*** RECORDS FOR THE EXERCISE

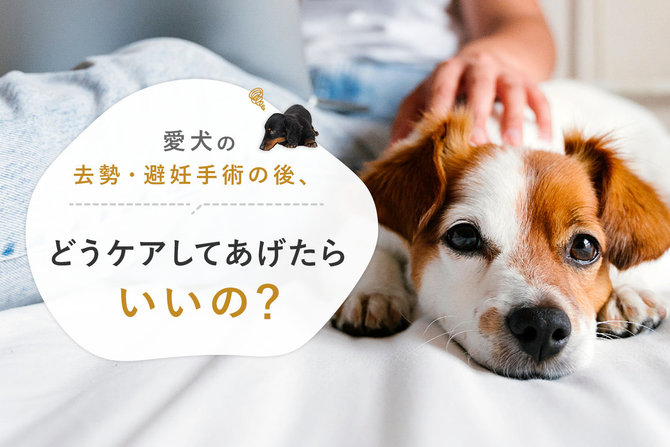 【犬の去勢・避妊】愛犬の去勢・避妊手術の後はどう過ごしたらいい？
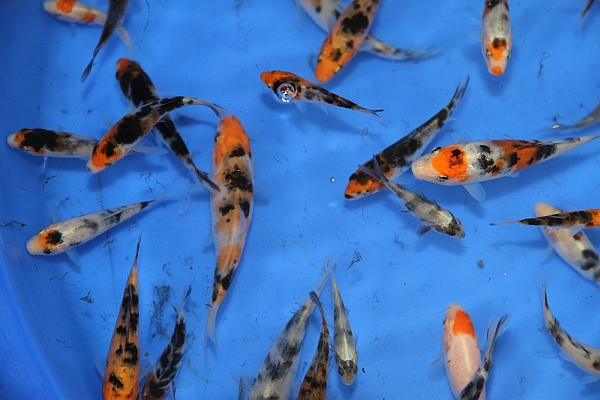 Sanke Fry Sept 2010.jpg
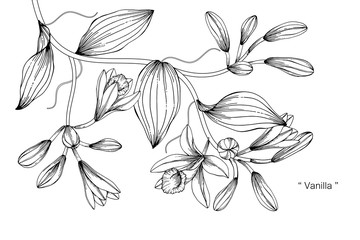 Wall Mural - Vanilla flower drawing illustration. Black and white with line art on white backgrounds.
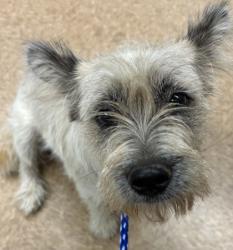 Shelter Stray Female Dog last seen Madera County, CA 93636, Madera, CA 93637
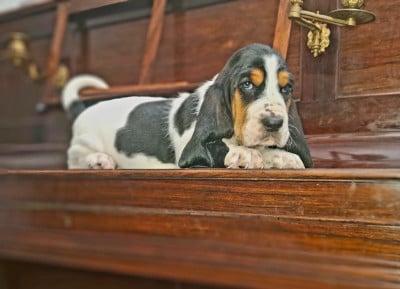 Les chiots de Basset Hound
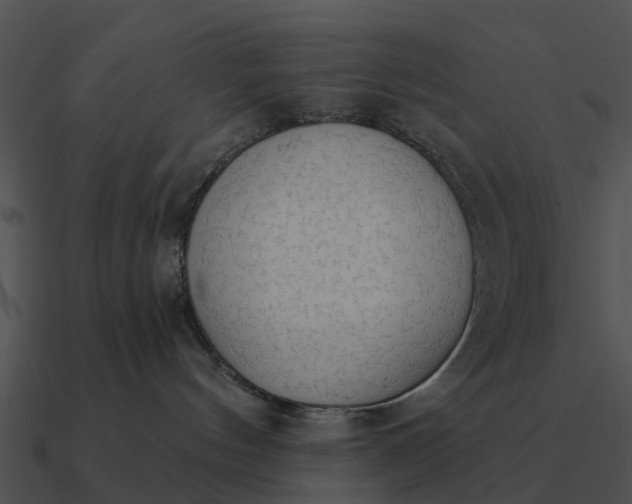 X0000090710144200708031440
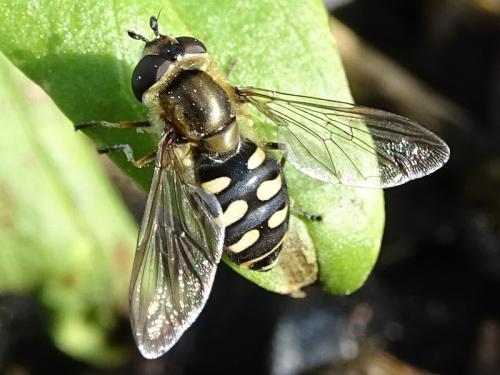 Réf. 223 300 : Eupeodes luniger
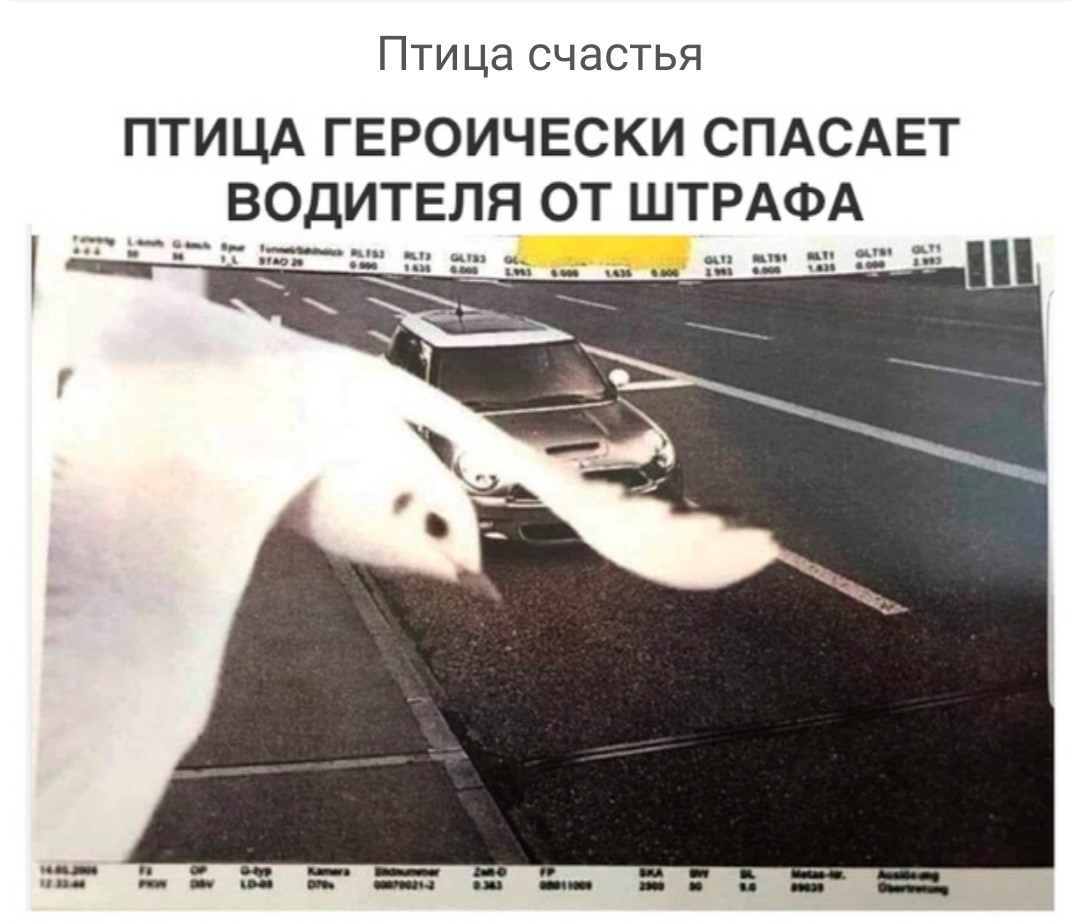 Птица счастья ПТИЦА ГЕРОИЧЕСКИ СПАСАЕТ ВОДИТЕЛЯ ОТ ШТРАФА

******
*** RECORDS FOR THE EXERCISE

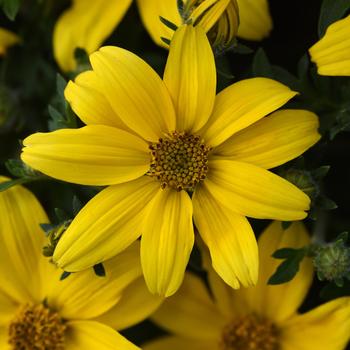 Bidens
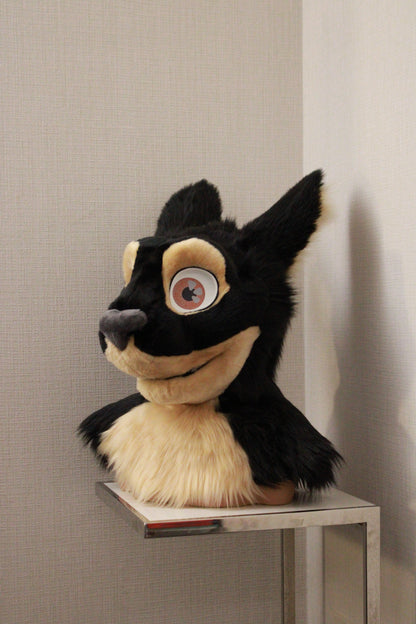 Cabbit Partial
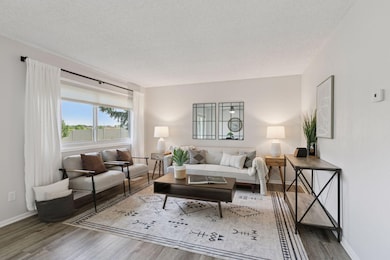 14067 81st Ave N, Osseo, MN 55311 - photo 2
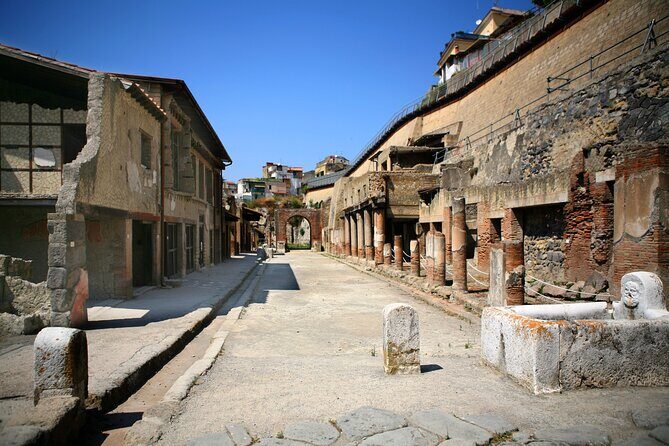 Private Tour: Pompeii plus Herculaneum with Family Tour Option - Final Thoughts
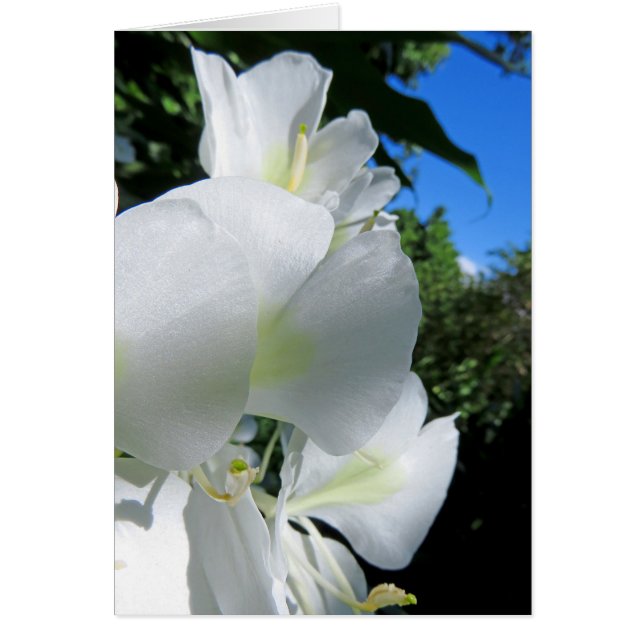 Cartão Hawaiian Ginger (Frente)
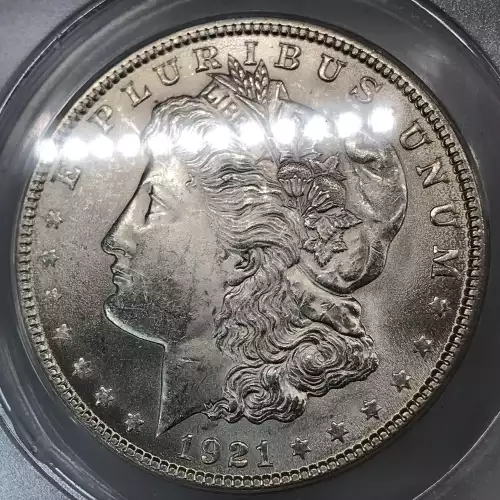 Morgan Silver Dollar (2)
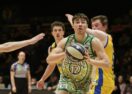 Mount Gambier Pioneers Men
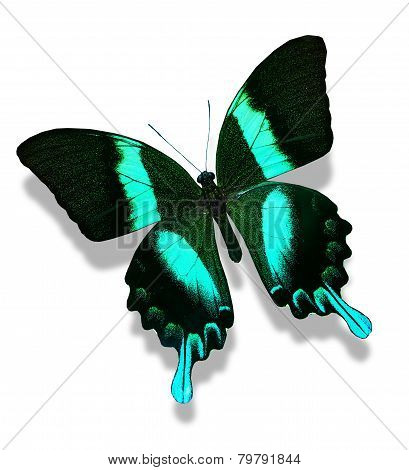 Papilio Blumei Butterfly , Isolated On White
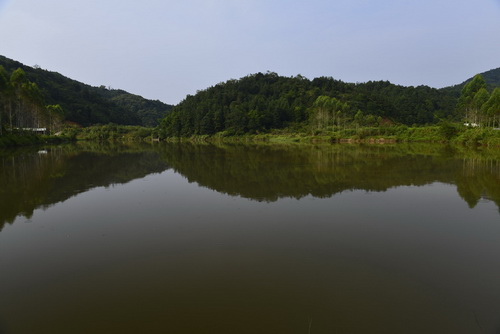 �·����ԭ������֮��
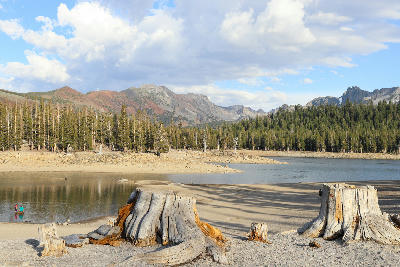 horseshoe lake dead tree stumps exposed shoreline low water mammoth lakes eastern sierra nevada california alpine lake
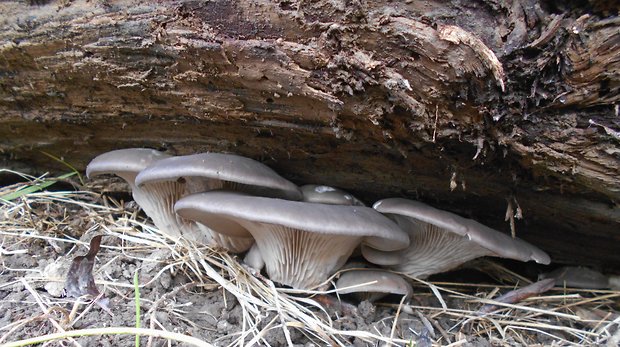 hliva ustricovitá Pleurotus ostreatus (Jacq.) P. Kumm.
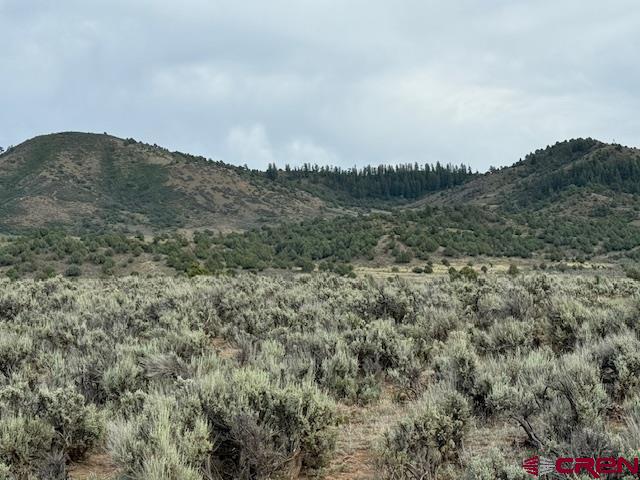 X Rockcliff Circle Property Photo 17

******

Exact copy, pictures excluded: from the line with "Wall Mural - Vanilla" up to and including the line with "Птица счастья ПТИЦА" in the data above.

## EXERCISE OUTPUT
 Wall Mural - Vanilla flower drawing illustration. Black and white with line art on white backgrounds.
 Shelter Stray Female Dog last seen Madera County, CA 93636, Madera, CA 93637
 Les chiots de Basset Hound
 X0000090710144200708031440
 Réf. 223 300 : Eupeodes luniger
 Птица счастья ПТИЦА ГЕРОИЧЕСКИ СПАСАЕТ ВОДИТЕЛЯ ОТ ШТРАФА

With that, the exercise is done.